> _Material provided_:

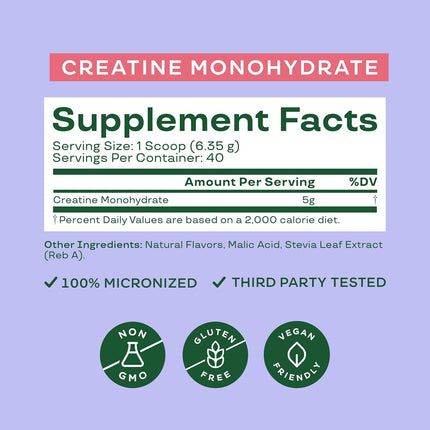 Bloom Nutrition Creatine Monohydrate Powder, 5g Micronized Creatine per Serving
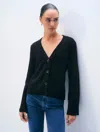 White & Warren Cashmere Luxe Waisted Cardigan Sweater In Black In Black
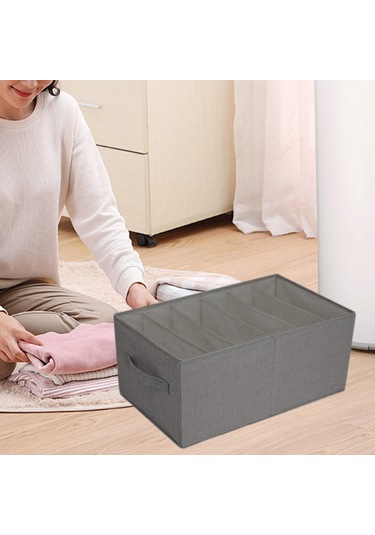 Suntek Giysi Yorgan Saklama Kutusu L Gri 6 Izgara Gri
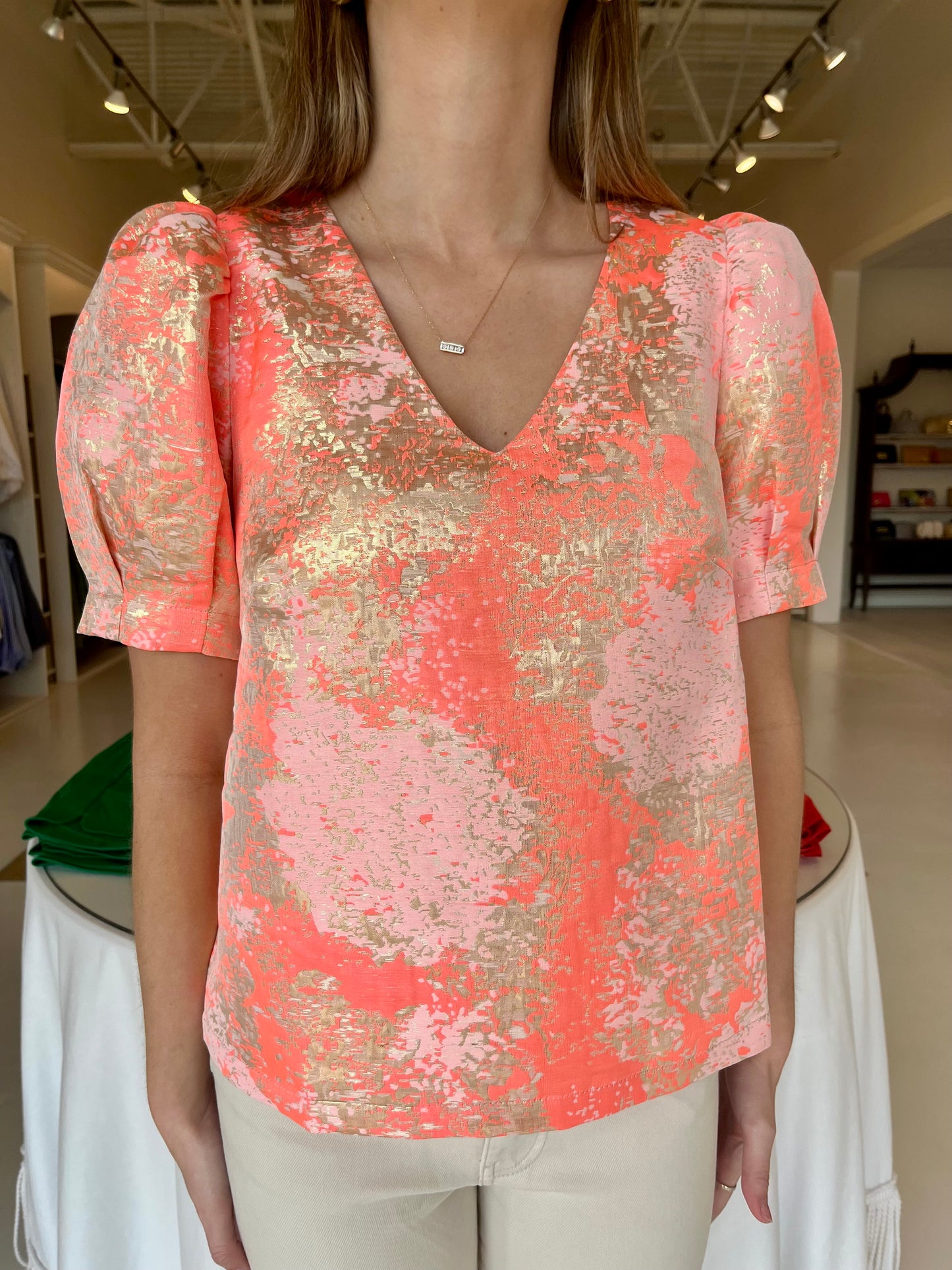 Jade V-Neck Puff Sleeve Top - Gold Dust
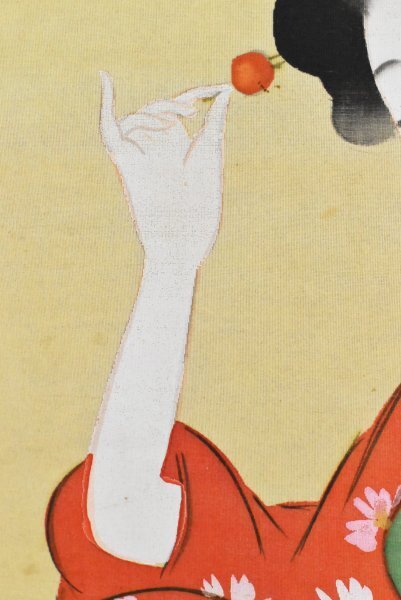 K4683 模写 皆春「美人画」絹本 人物画 着物美人 花魁 かんざし K4683 模写 皆春「美人画」絹本 人物画 着物美人 花魁 かんざし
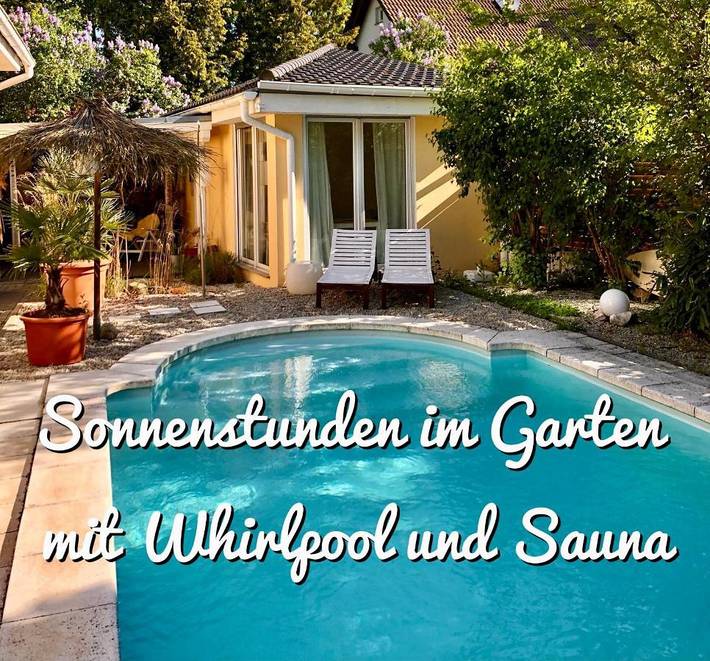 Ferienhaus für 2 Personen, mit Whirlpool und Terrasse sowie Garten und Pool
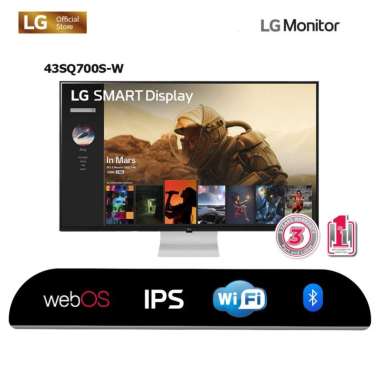 LG Smart Monitor 43SQ700S-W UHD 4K webOS 22 with USB Type-C and Stereo Speakers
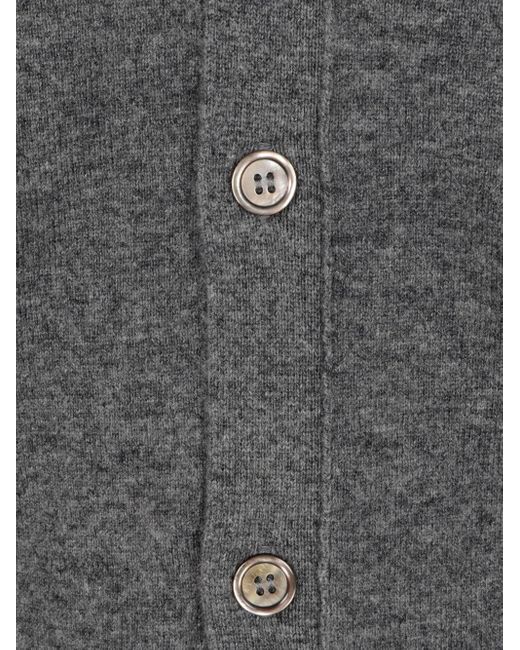 Comme des Garçons Gray Button-Front Wool Cardigan for men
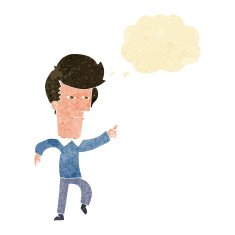 cartoon man accusing with thought bubble N2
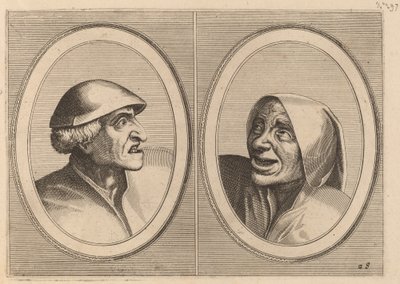 "Tyv-esque Tijs" og "Sneeze Spoel-de-Nap" af Johannes and Lucas van Doetechum after Pieter Bruegel the Elder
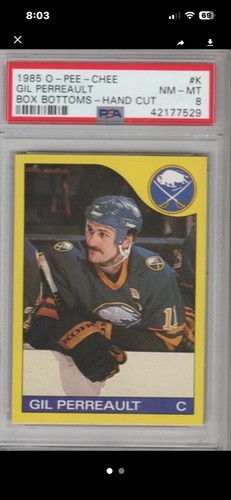 Gil Perreault #K 1985 O-Pee-Chee Box Bottoms Hand Cut card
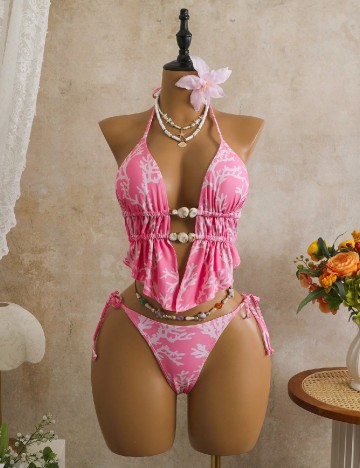 Costum de baie SHEIN, roz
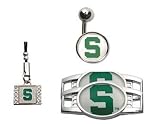 Michigan State Spartans Belly Ring/Shoe Thingz Charm/Cell Phone Charm Package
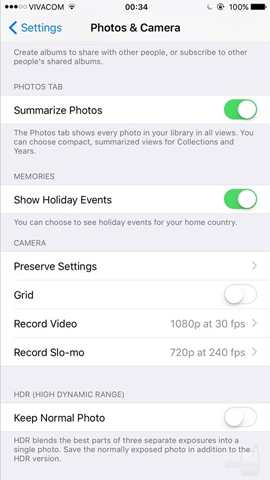 Giao diện tùy chỉnh Camera iOS 10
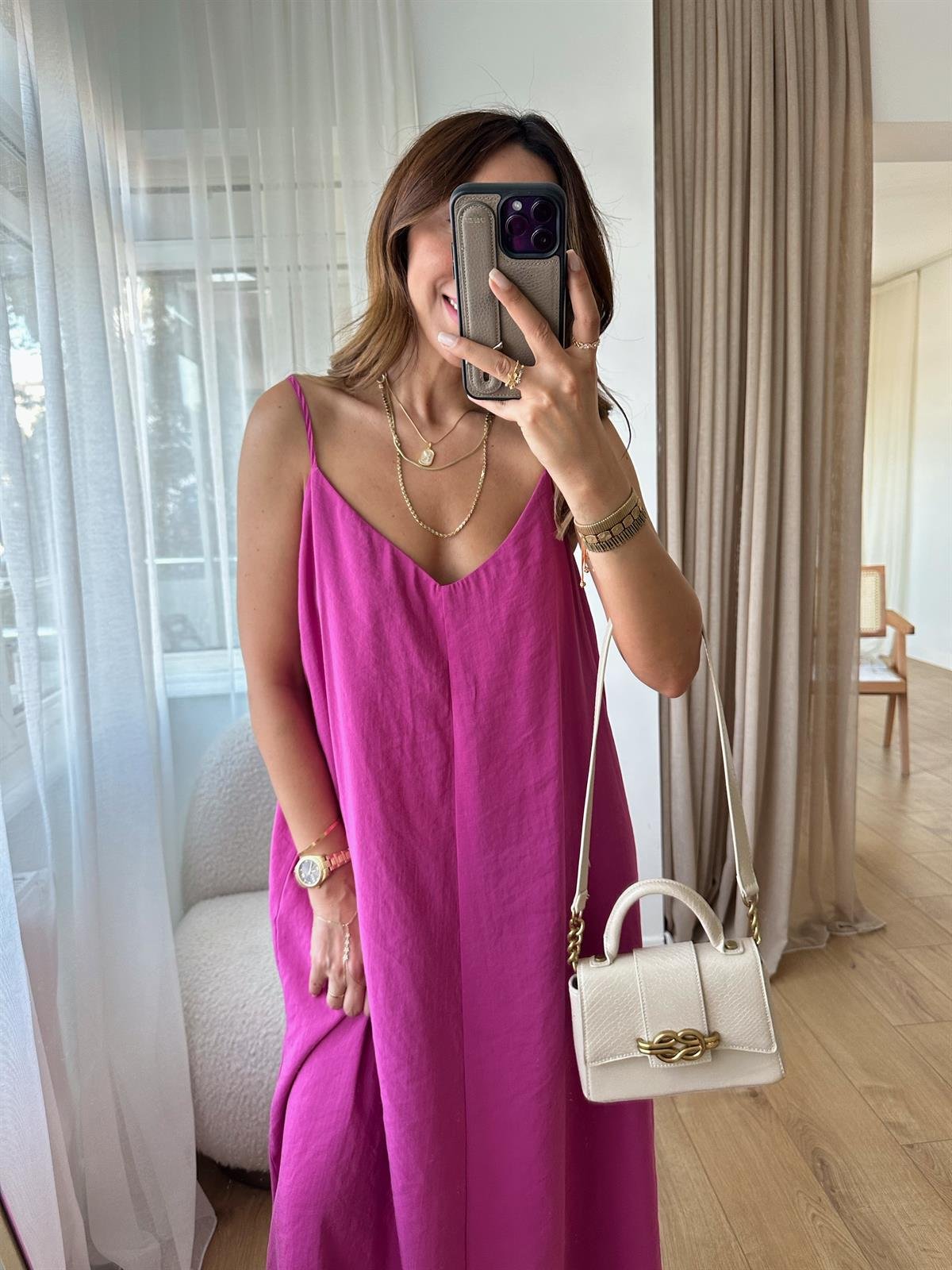 MANDY PEMBE ASKILARI AYARLANABİLİR TENSEL ELBİSE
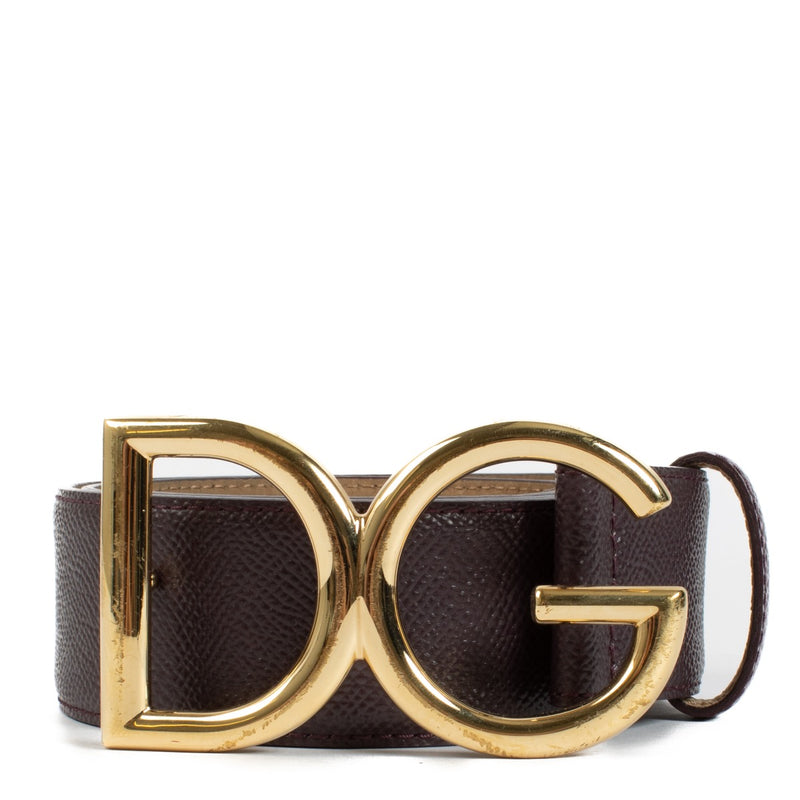 Dolce & Gabbana purple belt with gold hardware. Shop now on Labellov.com.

> _Task instructions_:
Starting at the first line of the records above, set down each line exactly through the one that holds "LG Smart Monitor". Omit pictures.

> _Exercise response_:
 Bloom Nutrition Creatine Monohydrate Powder, 5g Micronized Creatine per Serving
 White & Warren Cashmere Luxe Waisted Cardigan Sweater In Black In Black
 Suntek Giysi Yorgan Saklama Kutusu L Gri 6 Izgara Gri
 Jade V-Neck Puff Sleeve Top - Gold Dust
 K4683 模写 皆春「美人画」絹本 人物画 着物美人 花魁 かんざし K4683 模写 皆春「美人画」絹本 人物画 着物美人 花魁 かんざし
 Ferienhaus für 2 Personen, mit Whirlpool und Terrasse sowie Garten und Pool
 LG Smart Monitor 43SQ700S-W UHD 4K webOS 22 with USB Type-C and Stereo Speakers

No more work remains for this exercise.